## Recorded information
□ □ □
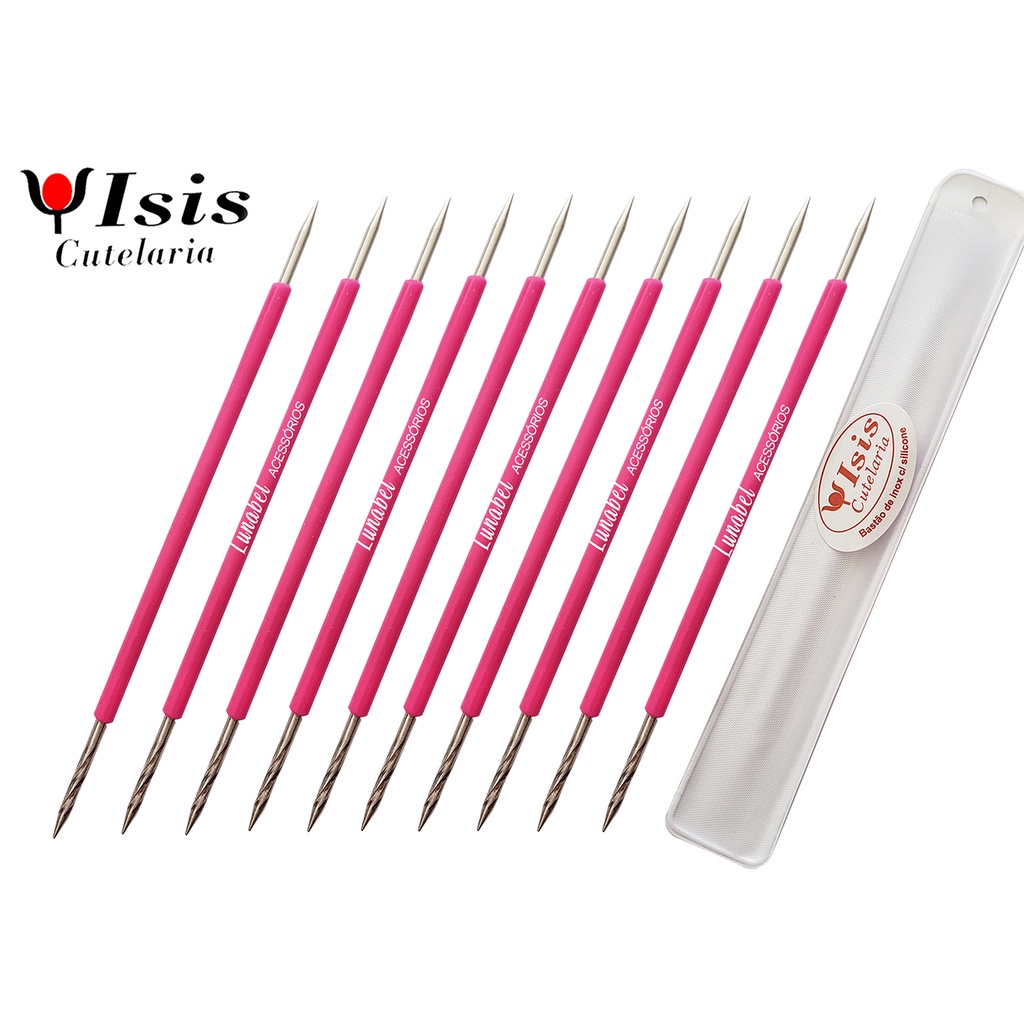10 Palito unha Isis Cutelaria Original Rosa em Oferta na Shopee
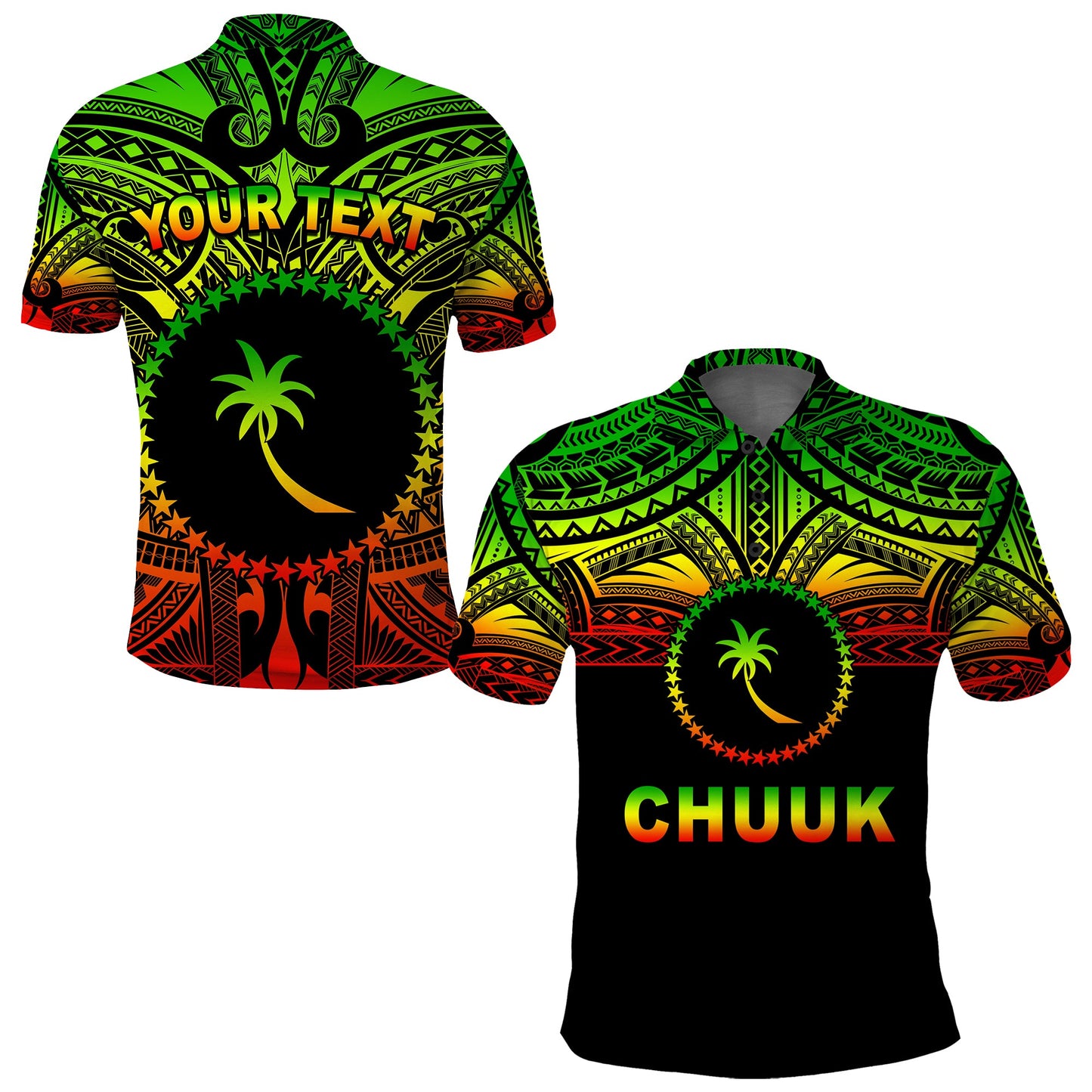 Custom Personalised Chuuk Flag Polo Shirt Micronesia Style Reggae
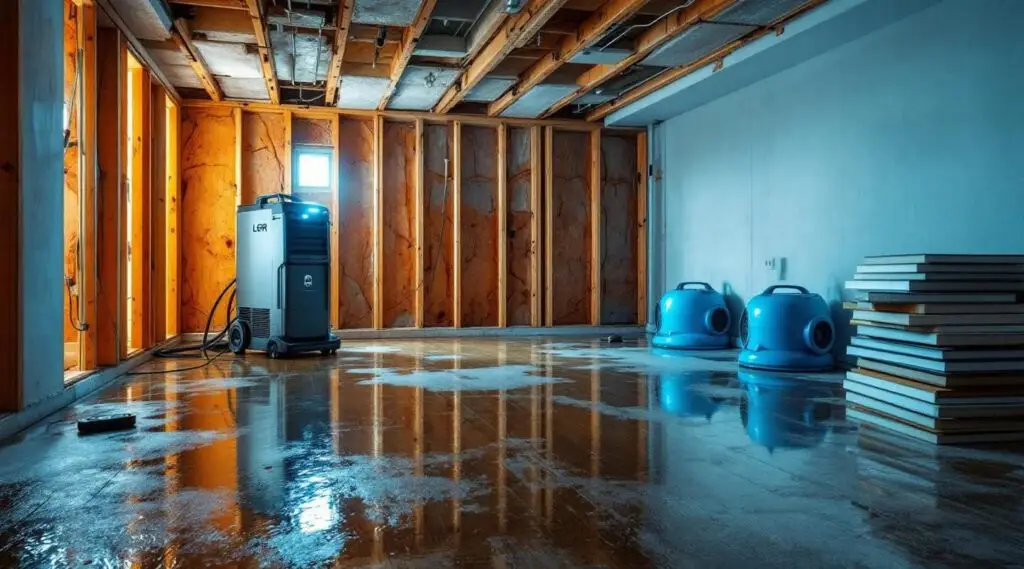 Blue Guard Restoration technician using a water extraction vacuum on a flooded carpet in an Englewood basement.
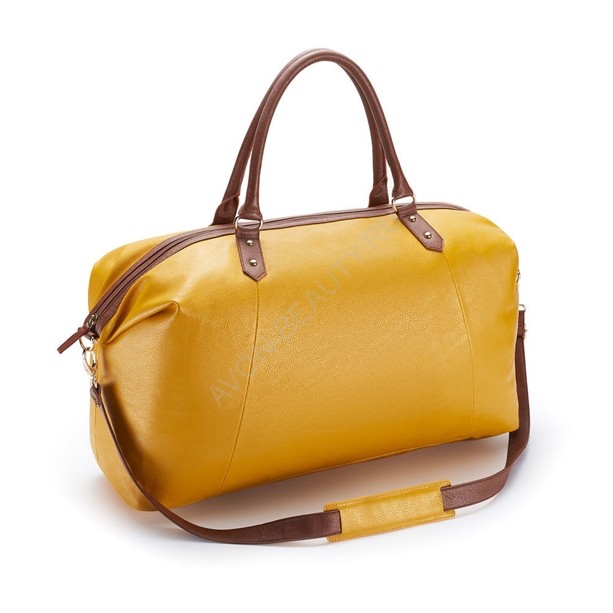 Женская сумка &quot;Эмилия&quot;, Желтая Вместительная женская сумка-викендер "Эмилия" из искусственной кожи подойдет для путешествий или похода в фитнес-клуб.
□ □ □
## Work to be completed
From the first line to the last, set down the data exactly, without the pictures.

## Output for this task
10 Palito unha Isis Cutelaria Original Rosa em Oferta na Shopee
 Custom Personalised Chuuk Flag Polo Shirt Micronesia Style Reggae
 Blue Guard Restoration technician using a water extraction vacuum on a flooded carpet in an Englewood basement.
 Женская сумка &quot;Эмилия&quot;, Желтая Вместительная женская сумка-викендер "Эмилия" из искусственной кожи подойдет для путешествий или похода в фитнес-клуб.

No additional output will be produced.